- _Brief_:
The entries that follow contain images, which should be left out; output everything else exactly.

═══ Data to use

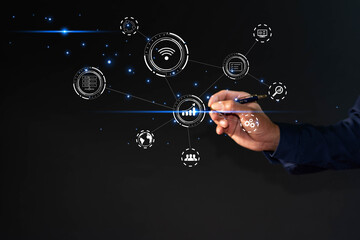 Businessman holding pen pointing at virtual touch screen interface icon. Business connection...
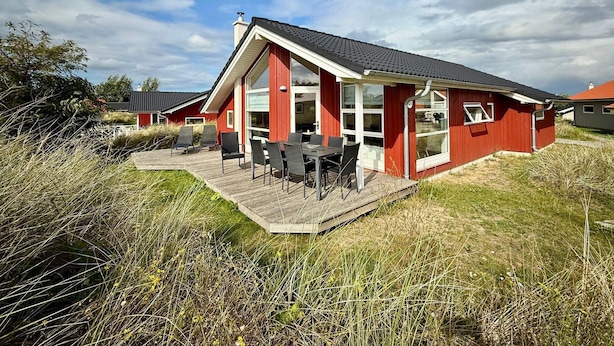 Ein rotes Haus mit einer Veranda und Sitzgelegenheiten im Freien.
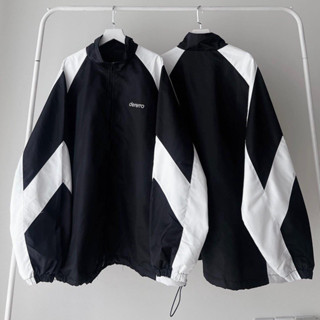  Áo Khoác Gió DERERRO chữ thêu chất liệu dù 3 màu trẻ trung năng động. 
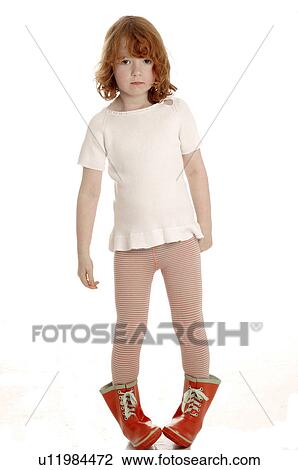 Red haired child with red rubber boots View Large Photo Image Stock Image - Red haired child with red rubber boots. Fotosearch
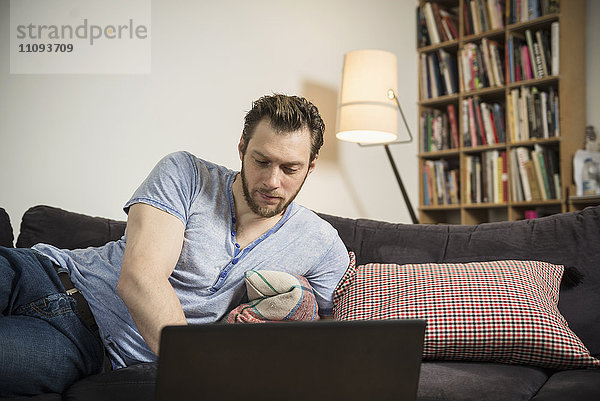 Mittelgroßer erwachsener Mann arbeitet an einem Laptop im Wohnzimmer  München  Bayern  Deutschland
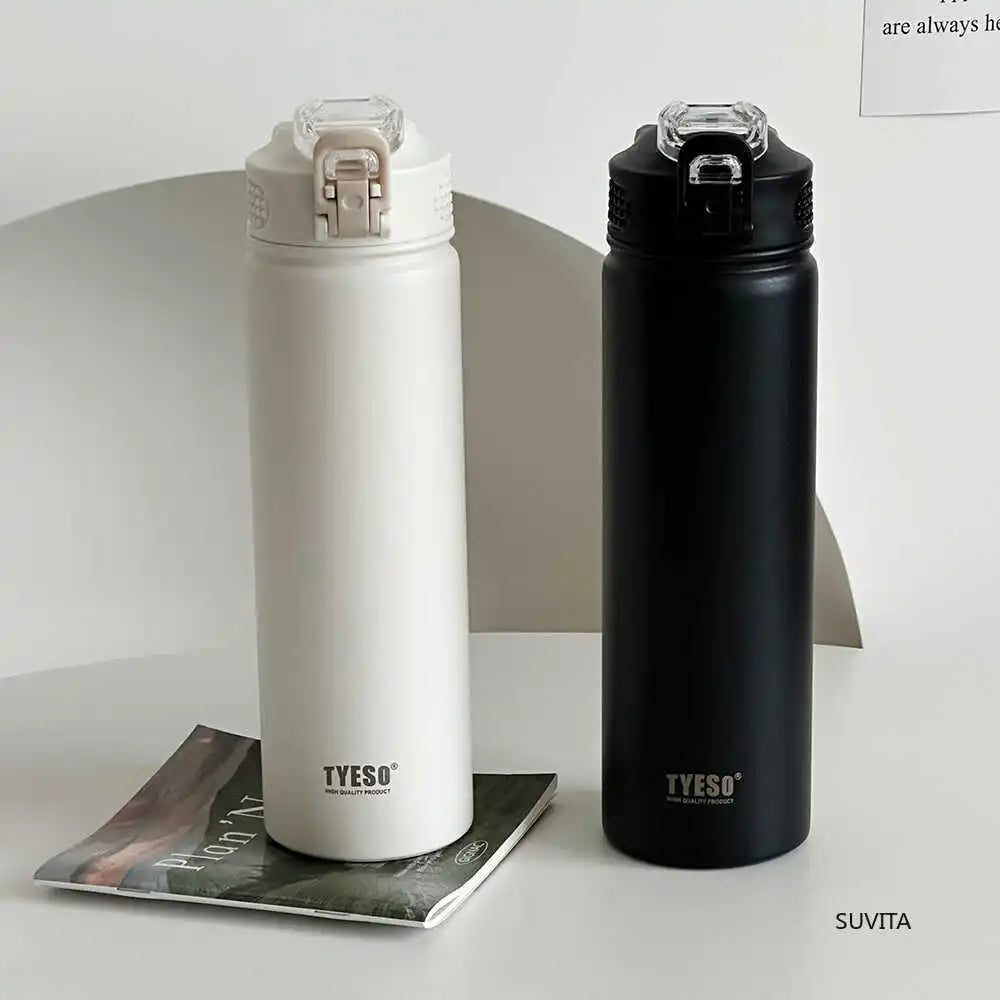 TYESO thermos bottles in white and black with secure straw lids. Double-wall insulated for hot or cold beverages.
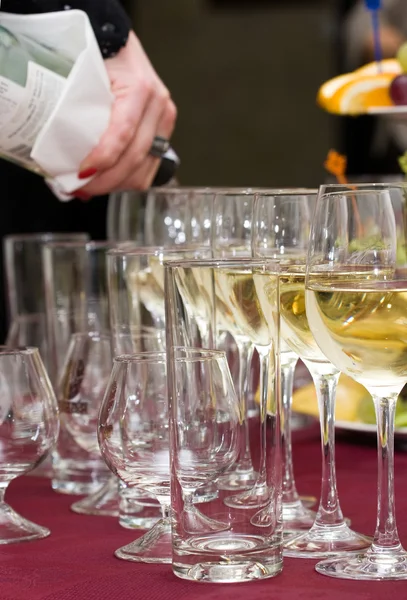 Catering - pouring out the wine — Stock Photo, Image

══════

- _Result of this exercise_:
 Businessman holding pen pointing at virtual touch screen interface icon. Business connection...
 Ein rotes Haus mit einer Veranda und Sitzgelegenheiten im Freien.
  Áo Khoác Gió DERERRO chữ thêu chất liệu dù 3 màu trẻ trung năng động. 
 Red haired child with red rubber boots View Large Photo Image Stock Image - Red haired child with red rubber boots. Fotosearch
 Mittelgroßer erwachsener Mann arbeitet an einem Laptop im Wohnzimmer  München  Bayern  Deutschland
 TYESO thermos bottles in white and black with secure straw lids. Double-wall insulated for hot or cold beverages.
 Catering - pouring out the wine — Stock Photo, Image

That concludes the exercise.